Mr Trump will host European executives on Thursday night to argue that the US is a better place for businesses as a result of the tax overhaul and deregulation, his National Economic Council director, Gary Cohn, said.
In his speech on Friday Trump is expected to elaborate on US trade policy . “He wants to shatter the myth that he is only an ‘America First’ president,” said Anthony Scaramucci, the financier who was briefly Mr Trump’s communications director and still informally advises the president. “That’s not the case. He is a globalist. He has a duality to his personality. He’s here to disrupt things, which he does a reasonably good to great job of.”
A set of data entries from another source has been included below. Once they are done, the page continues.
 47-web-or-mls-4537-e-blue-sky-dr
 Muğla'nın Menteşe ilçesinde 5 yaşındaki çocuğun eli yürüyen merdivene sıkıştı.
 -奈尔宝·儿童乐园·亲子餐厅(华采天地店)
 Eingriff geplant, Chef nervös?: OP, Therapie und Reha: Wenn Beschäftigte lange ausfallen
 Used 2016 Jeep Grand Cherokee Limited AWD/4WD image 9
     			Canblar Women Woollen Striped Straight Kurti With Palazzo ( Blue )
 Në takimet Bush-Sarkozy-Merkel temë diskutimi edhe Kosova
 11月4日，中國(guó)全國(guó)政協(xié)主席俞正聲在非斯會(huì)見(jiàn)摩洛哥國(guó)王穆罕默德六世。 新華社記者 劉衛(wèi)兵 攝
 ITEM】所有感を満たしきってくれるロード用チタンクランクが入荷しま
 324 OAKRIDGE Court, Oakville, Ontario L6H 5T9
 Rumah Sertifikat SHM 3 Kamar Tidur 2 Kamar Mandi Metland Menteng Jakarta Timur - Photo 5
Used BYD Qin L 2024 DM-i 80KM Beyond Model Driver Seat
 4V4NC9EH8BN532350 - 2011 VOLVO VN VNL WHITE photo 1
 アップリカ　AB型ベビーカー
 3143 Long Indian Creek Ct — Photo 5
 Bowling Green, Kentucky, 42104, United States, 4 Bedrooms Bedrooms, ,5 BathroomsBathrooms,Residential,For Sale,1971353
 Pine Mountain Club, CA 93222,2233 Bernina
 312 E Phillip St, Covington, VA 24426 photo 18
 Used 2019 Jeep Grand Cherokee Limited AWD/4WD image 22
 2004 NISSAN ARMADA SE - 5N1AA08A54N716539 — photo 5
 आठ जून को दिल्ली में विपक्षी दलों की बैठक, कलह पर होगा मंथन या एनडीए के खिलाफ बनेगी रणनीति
Bill Winters, chief executive of Standard Chartered, said: “The US appears to be taking a measured approach and I would expect the Chinese to take a measured approach in response.”
“You have to be concerned. But do I think there is going to be a bad outcome? No,” said the American-born boss of StanChart, which is listed in London but earns most of its revenue in Asia, Africa and the Middle East.
Ralph Hamers, chief executive of Dutch bank ING, said: “I see a further polarisation of the world economy. I can see some areas that really continue free trade and others that don’t, like the US and frankly the UK, at least until Brexit happens.”
The downbeat comments by the European bankers, who were due to meet Mr Trump at a dinner in Davos on Thursday evening before his speech on Friday, contrasts with the more supportive remarks by US bankers, such as Jamie Dimon at JPMorgan Chase.
“When Americans speak and they talk about fair, they mean reciprocal. That’s not what the Chinese mean by fair,” Mr Dimon told CNBC.
The Trump administration faces deadlines for presidential action in the weeks ahead on national security investigations into imports of aluminium and steel and a wide-ranging probe of China’s intellectual property regime that many in Washington expect to lead to further tariffs and a crackdown on Chinese investment.
“I don’t think it will end up in a trade war because there are no gainers and it goes against progress,” said Francisco Gonzalez, chairman of Spain’s BBVA, which has large operations in Mexico and Turkey as well as Spain. However, he added that the fact the US president came to Davos was “a positive signal”.